MATERIAL PROVIDED:

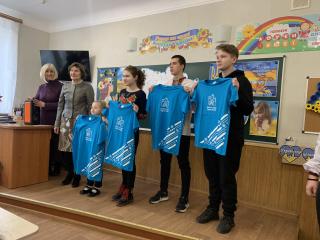 В Кам'янському Центр молодіжних ініціатив спільно з ліцеєм №13 провели благодійну акцію - ФОТО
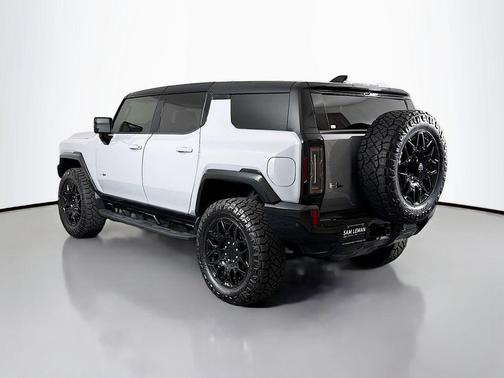 2024 GMC HUMMER EV SUV 2X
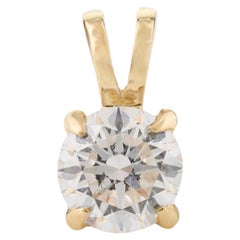 Colgante de oro con moissanita solitaria de corte redondo en oro amarillo macizo de 14k para mujer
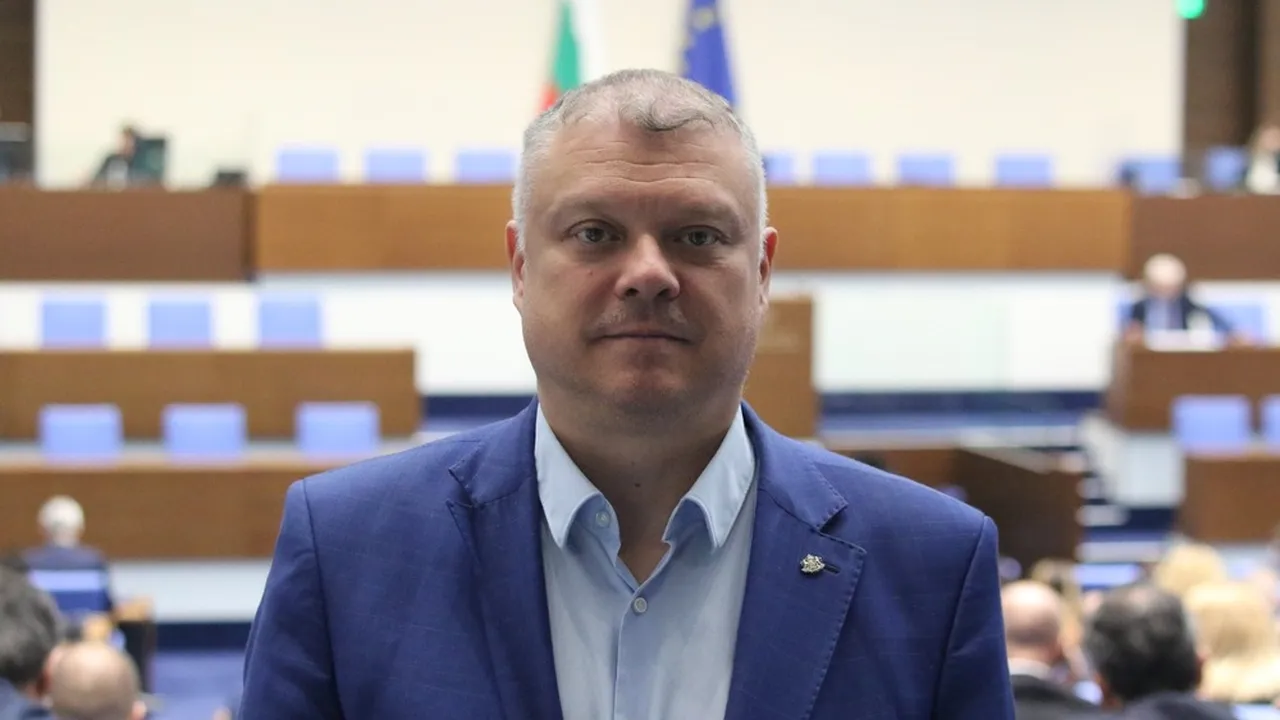 БСП очаква „по-висока активност“ заради Радев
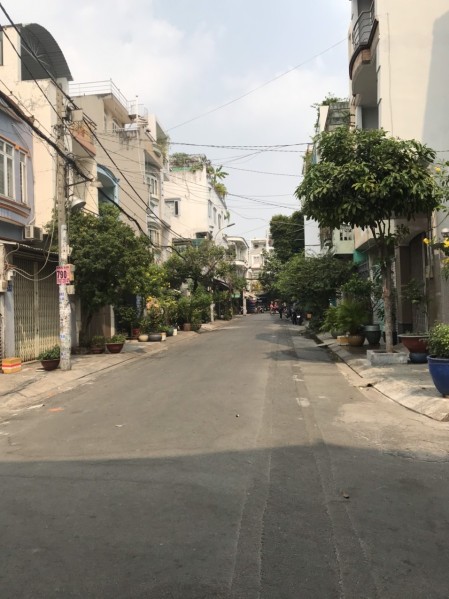 Hot !! Bán gấp miếng đất 2 MT Đường Số 13, P.13, Quận 6. Tiện kinh doanh !!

WHAT TO PRODUCE: Pictures must be left out of the answer, which should be exactly the lines from the one holding "БСП очаква „по-висока" through the last line of the entries above, both included; please add nothing.

ANSWER FOR THE TASK:
 БСП очаква „по-висока активност“ заради Радев
 Hot !! Bán gấp miếng đất 2 MT Đường Số 13, P.13, Quận 6. Tiện kinh doanh !!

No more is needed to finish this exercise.